After a sharp rally at the start of the week, the price of gold drifted lower on Tuesday, as risk-off traders shifted their focus to an upcoming meeting of the Federal Reserve.
Precious metals were down across the board, giving back some of Monday’s blistering gains. Gold for December settlement, the most actively traded futures contract, reached a session low of $1,500.90 a troy ounce on the Comex division of the New York Mercantile Exchange. It was last down $3.40, or 0.2%, at $1,508.30 a troy ounce.
December silver contracts were down 10 cents, or 0.5%, to $17.98 a troy ounce.
The grey metal has outshined gold for much of 2019, as evidenced by the declining gold-silver ratio. At the time of writing, one ounce of gold bought 84.00 ounces of gold, a slight gain from the previous session. Over the past 60 days, the ratio was as high as 90.33.
The U.S. dollar, which often trades inversely with precious metals, was little changed against a basket of peers Tuesday. At last check, the DXY dollar index was holding steady at 98.60.
The Federal Reserve kicks off a high-stakes policy meeting on Tuesday, with officials set to deliver their verdict the following afternoon.
Bets are suddenly rising that the central bank won’t lower interest rates as previously thought, according to the latest Fed Fund futures prices. As of Tuesday morning, the chance of a rate hike this week was 68.1% based on futures prices. It was higher than 95% earlier this month.

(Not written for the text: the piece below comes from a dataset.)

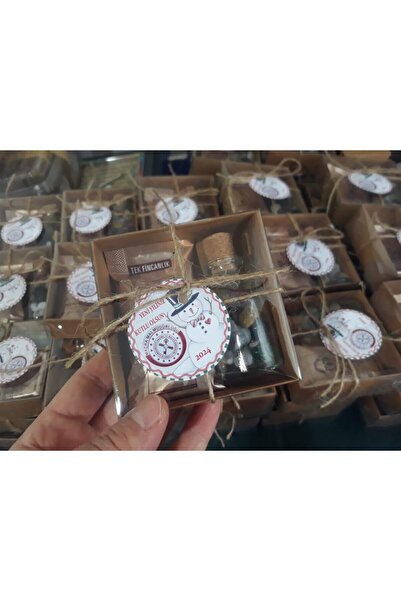 HediyeCenter 2025 Yeni Yıl Kurumlara Özel Yılbaşı Hediyesi Kahveli Kutular (7...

Closely-watched gauges of inflation, both in terms of consumer prices and wages, rose more than expected in August. Usually, that gives central bankers less urgency to lower interest rates.
At the same time, the United States and China are said to be eyeing a temporary trade deal that would delay tariffs and bring stability back to the global macro climate. Those talks are going on behind the scenes ahead of next month’s meetings between the two countries.
The Fed’s rate decision on Wednesday will be accompanied by a revised summary of economic projections covering GDP, unemployment and inflation.